=== Task to complete ===
Although the entries hold pictures, only their words are printed back, exactly as given.

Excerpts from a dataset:
━━━━━━━━━━━━━━━━━━━━━━━━━━━━━━

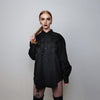 Fringed shirt textured layered top check pattern blouse punk rocker jumper long sleeve gothic pullover button up shirt in black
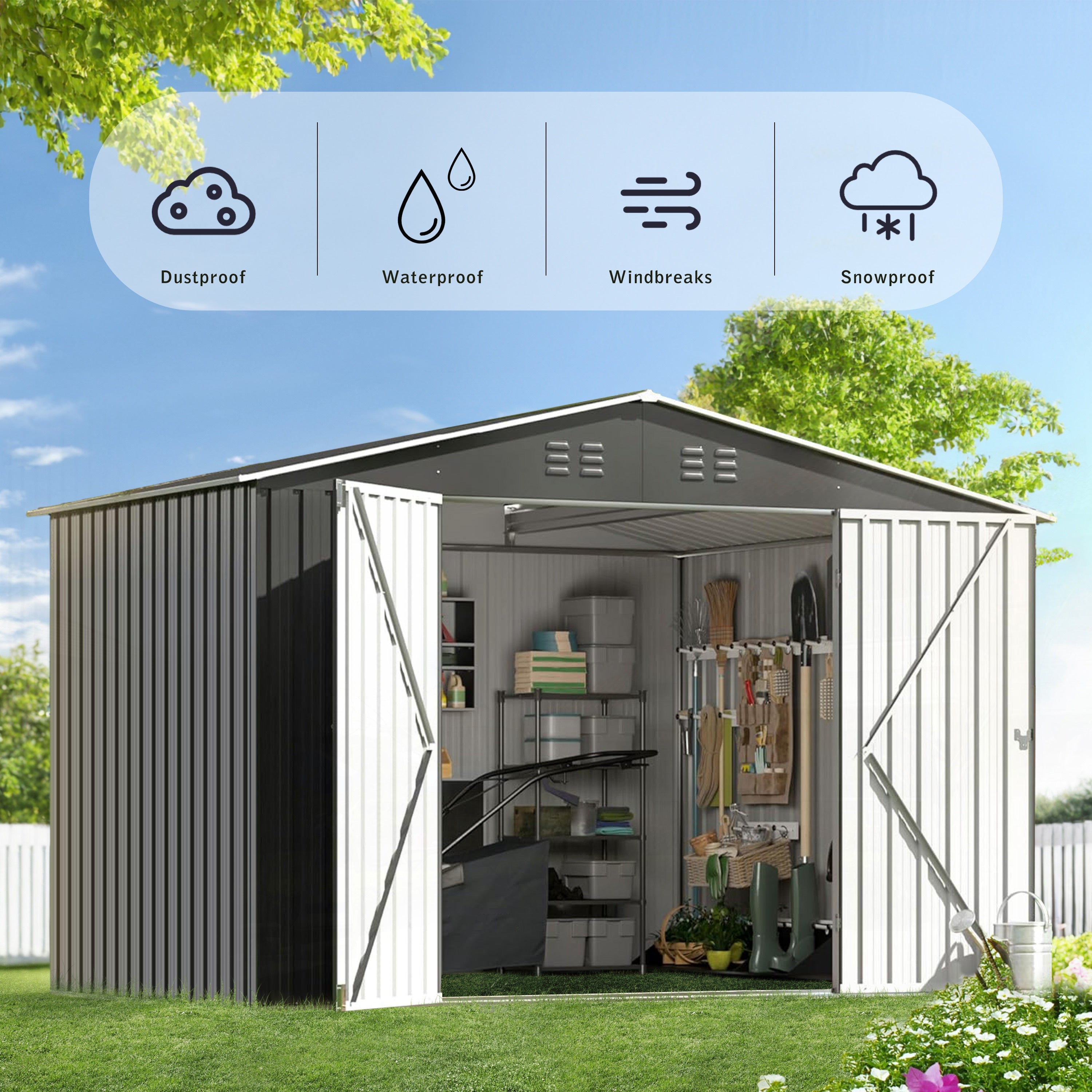 10x10 Metal Shed w/Lock & Vents - Outdoor Storage-American Furniture Outlet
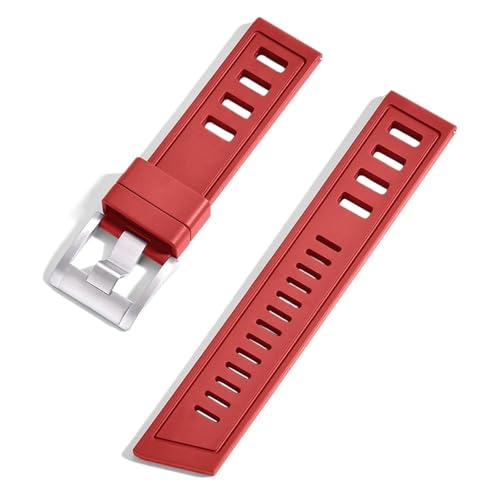 Bracelet montre étanche en caoutchouc FKM rouge pour vos sessions de plongée marine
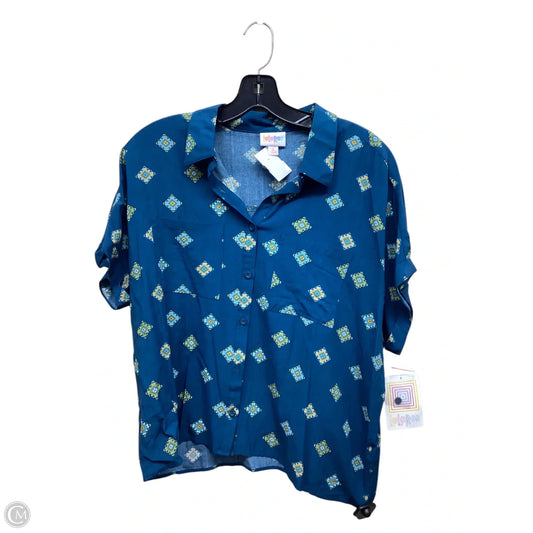 Top Short Sleeve By Lularoe In Blue & Yellow, Size: S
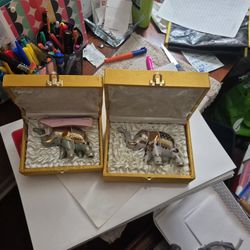Hand Painted Elephants "Trunks Up"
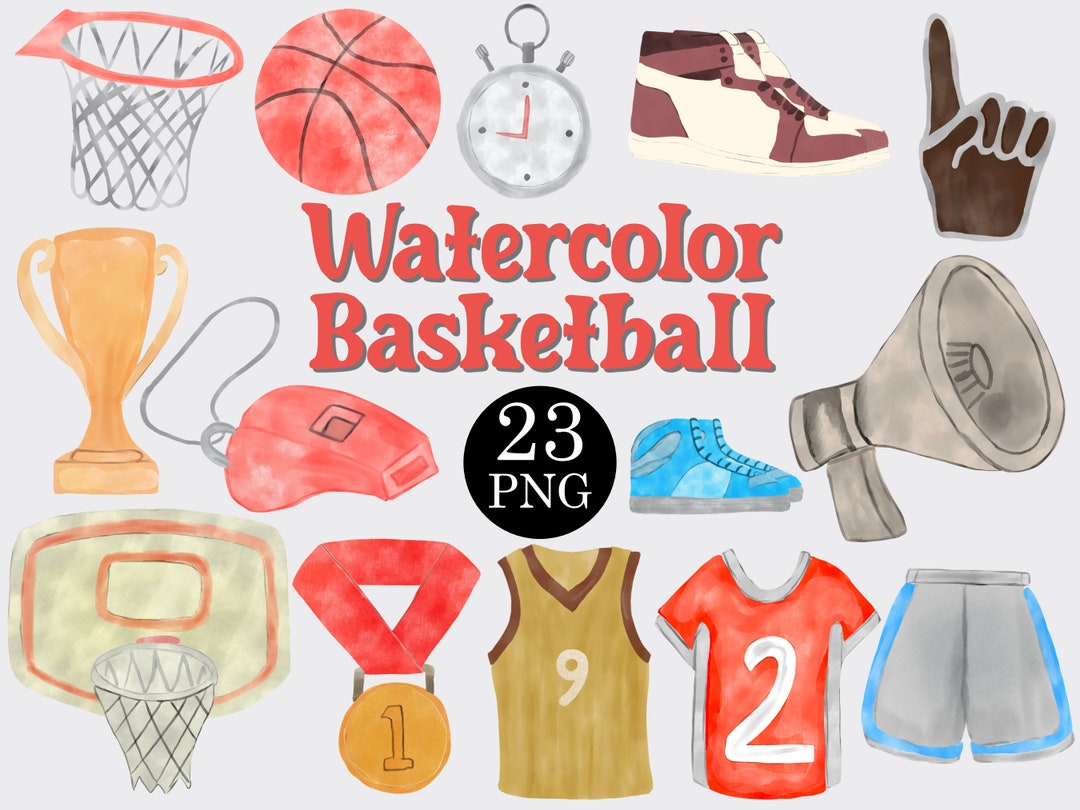 Watercolor Basketball Clipart Set of 23 PNG Files, Sports Clipart ...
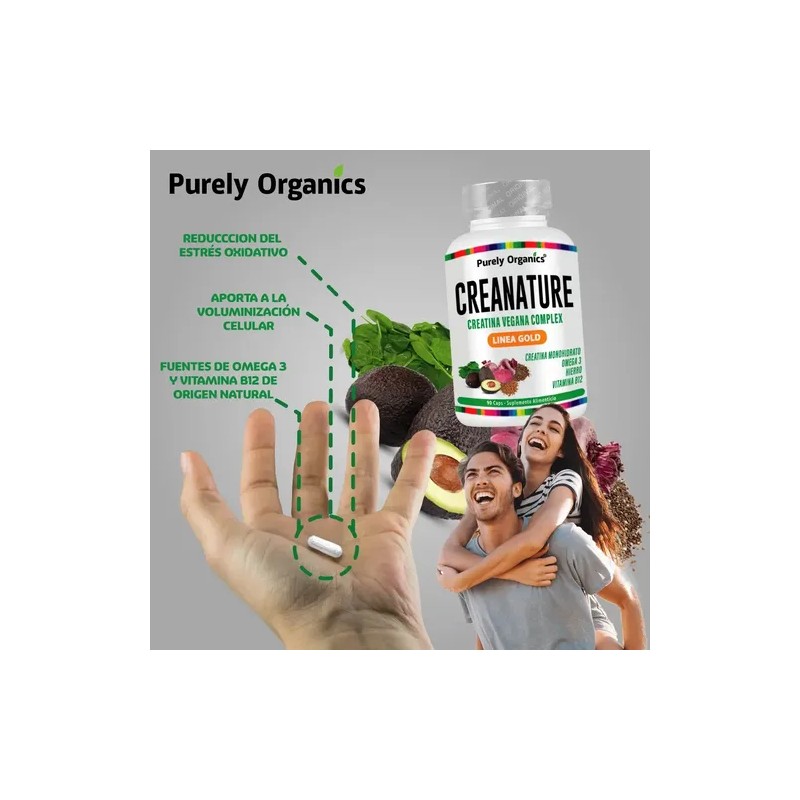 Creatina Vegana Creanature Purely Organics 90 Cápsulas Sin Sabor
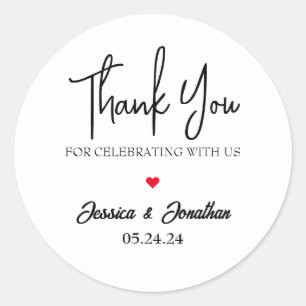 Simple Elegant Thank You Wedding Favour Classic Round Sticker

━━━━━━━━━━━━━━━━━━━━━━━━━━━━━━

=== Final answer ===
 Fringed shirt textured layered top check pattern blouse punk rocker jumper long sleeve gothic pullover button up shirt in black
 10x10 Metal Shed w/Lock & Vents - Outdoor Storage-American Furniture Outlet
 Bracelet montre étanche en caoutchouc FKM rouge pour vos sessions de plongée marine
 Top Short Sleeve By Lularoe In Blue & Yellow, Size: S
Hand Painted Elephants "Trunks Up"
 Watercolor Basketball Clipart Set of 23 PNG Files, Sports Clipart ...
 Creatina Vegana Creanature Purely Organics 90 Cápsulas Sin Sabor
 Simple Elegant Thank You Wedding Favour Classic Round Sticker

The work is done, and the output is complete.